Project’s Roadmap

skops is a project which deals with certain challenges related to operationalizing scikit-learn based models. To that end, the following areas are in our focus, and are already implemented or will be in worked on in the near future.

Model Cards

We have now tools to generate model cards, but there are still some rough edges which need to be smoothed out. Model cards have the potential to be adopted by upstream scikit-learn, which would be possible since we have almost no external dependency there. You can see the list of open issues on model cards here. In particular:

An app to create or modify a model card: This would also include easy ways for users to add inspection of the models to the card. They can potentially upload the model and the data, and easily generate good visualizations about different aspects of the model. This work is started in #307.

Persistence

When deploying models, persistence is a key aspect. Since pickles are insecure, we helps users in two ways to replace pickle files. One is our own .skops format, and another one is through tools to make it easier to convert models to ONNX. There are existing tools to convert models to ONNX, but there are challenges with them, and we plan to make that experience better. Some of the work in this front will stay in this library, and some will move upstream.

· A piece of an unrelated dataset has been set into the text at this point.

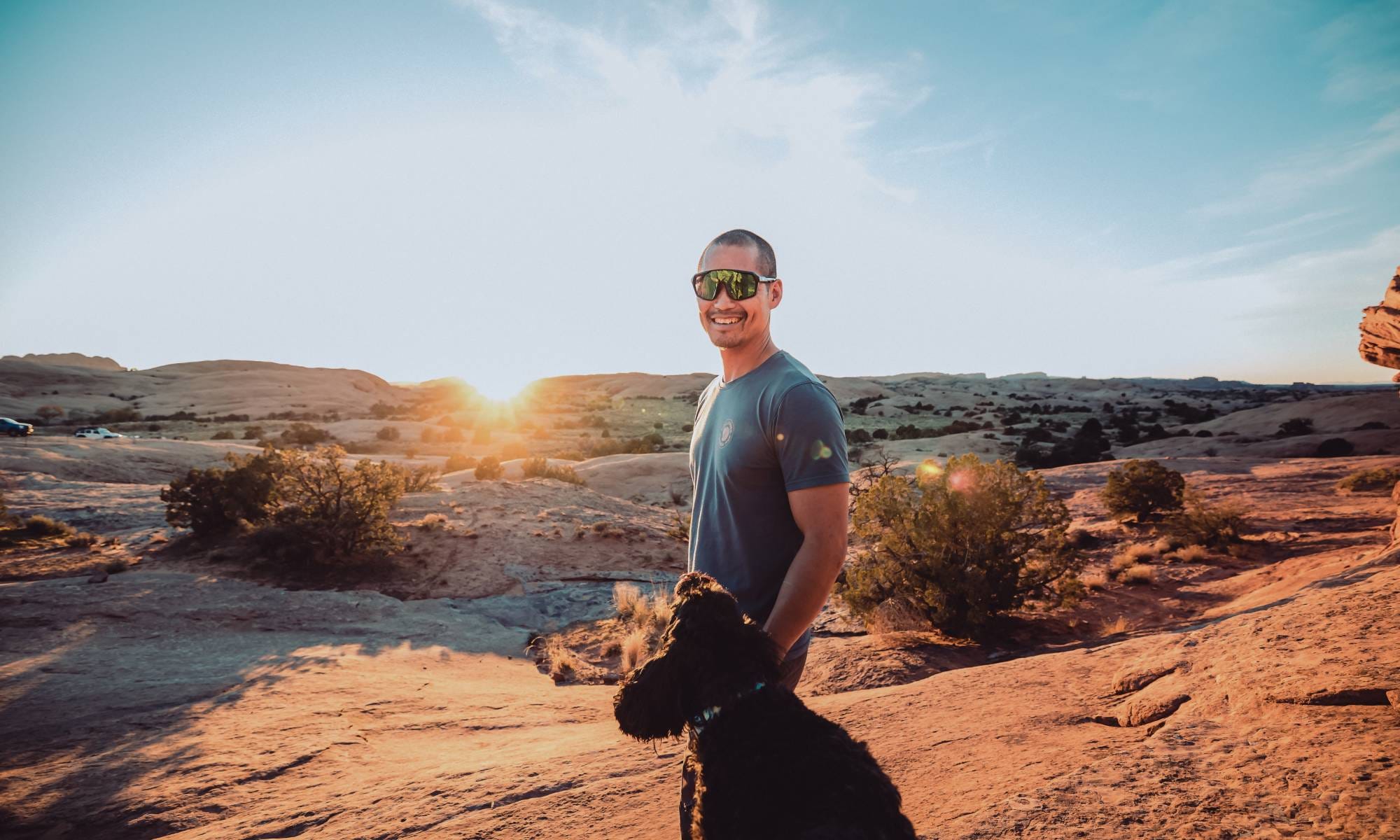 Ochelari tactici WILEY X CITADEL Set 3 Lentile – Clear / Grey / Light Rust – Matte Black | WARGEAR RO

skops: The format is stable and ready for production use. It supports a wide range of models, including non scikit-learn models. Open issues can be found here. In particular:
- We need to better be able to inspect a given file. Right now only a set of unknown types are given to the user, and it’s not clear where they’re used.
- We need to allow support for custom c-extension types, as well as allowing other libraries to extend the functionality.
- There are many optimization potentials on the format’s speed and size.
- this is high priority if we want to push it more aggressively. For instance, it would need to be more stable for a place like sagemaker to potentially support it.
ONNX: This format is already in use by many. The pypi download stats at the time of writing this document shows 20k-30k downloads per day. However, only simple cases and not all estimators are supported. Right now, we haven’t started working on this front in skops, but once we do, here are some aspects to tackle:
- Better tools to check if user’s model is supported, and to add out of the box support for complex estimators such as pipelines and column transformers.
- We should figure out how to document the process of writing a converter for a custom estimators. Advanced users almost always use estimators which are not in scikit-learn itself, and they’d need to be able to convert those estimators if they are to use ONNX.

Serving

A very important aspect of putting a model in production is serving the model. There are many different ways to do that, and the right solution depends on many parameters related to the infrastructure in use. We can document simple ways to serve models using tools such as fastapi. This would be a good start for many developers who are new to serving their models.